What you will do
Return all of the listing word for word; the pictures stay out.

Given data

-=-=-=-=-

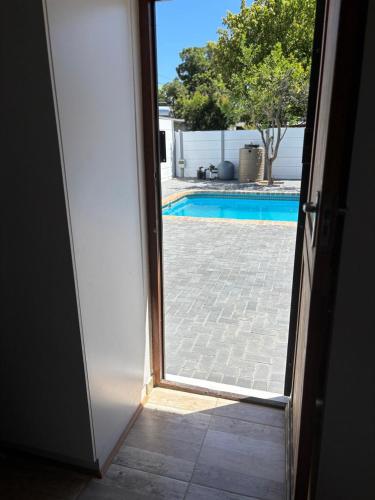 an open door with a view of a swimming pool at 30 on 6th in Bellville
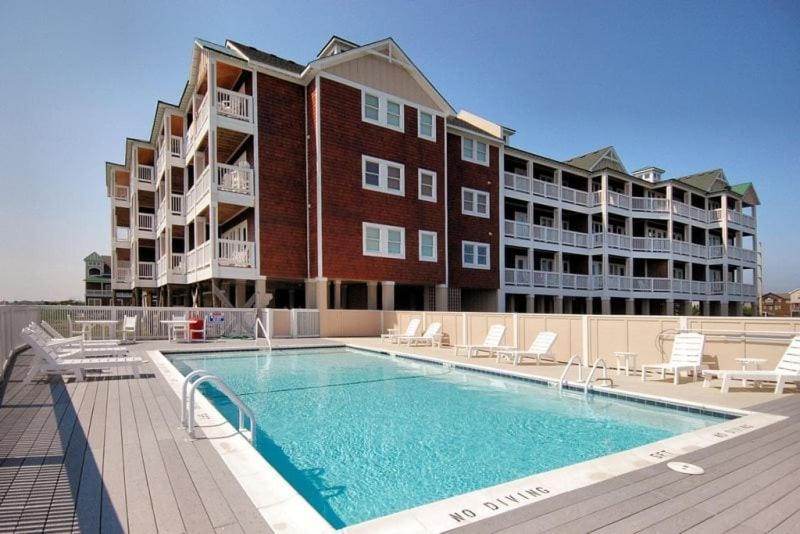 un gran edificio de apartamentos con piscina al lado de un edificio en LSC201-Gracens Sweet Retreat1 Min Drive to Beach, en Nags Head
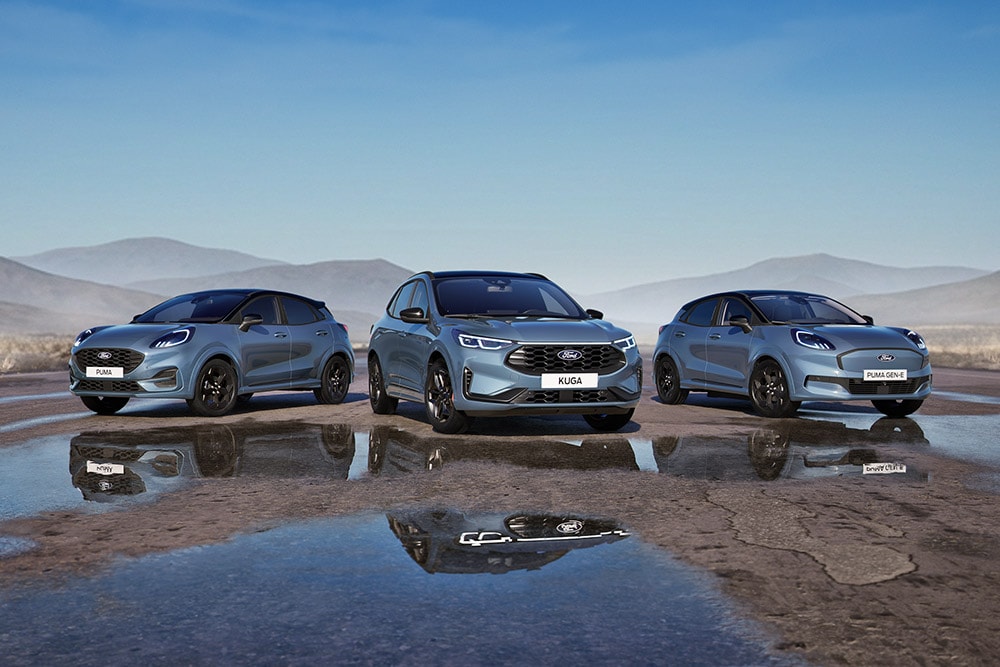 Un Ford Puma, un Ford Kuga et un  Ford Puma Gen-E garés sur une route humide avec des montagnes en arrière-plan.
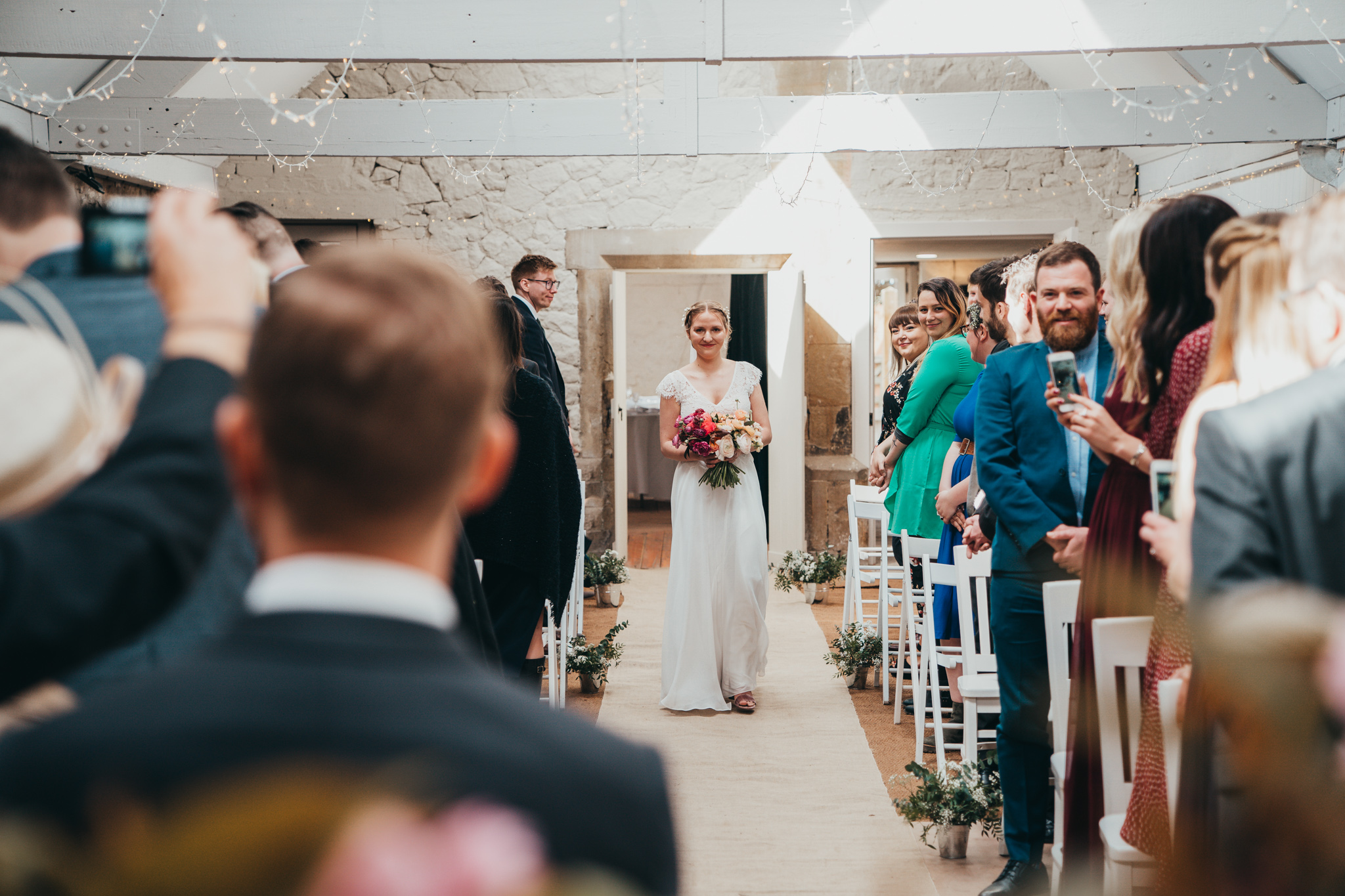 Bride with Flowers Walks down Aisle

-=-=-=-=-

Solution to the problem
 an open door with a view of a swimming pool at 30 on 6th in Bellville
 un gran edificio de apartamentos con piscina al lado de un edificio en LSC201-Gracens Sweet Retreat1 Min Drive to Beach, en Nags Head
 Un Ford Puma, un Ford Kuga et un  Ford Puma Gen-E garés sur une route humide avec des montagnes en arrière-plan.
 Bride with Flowers Walks down Aisle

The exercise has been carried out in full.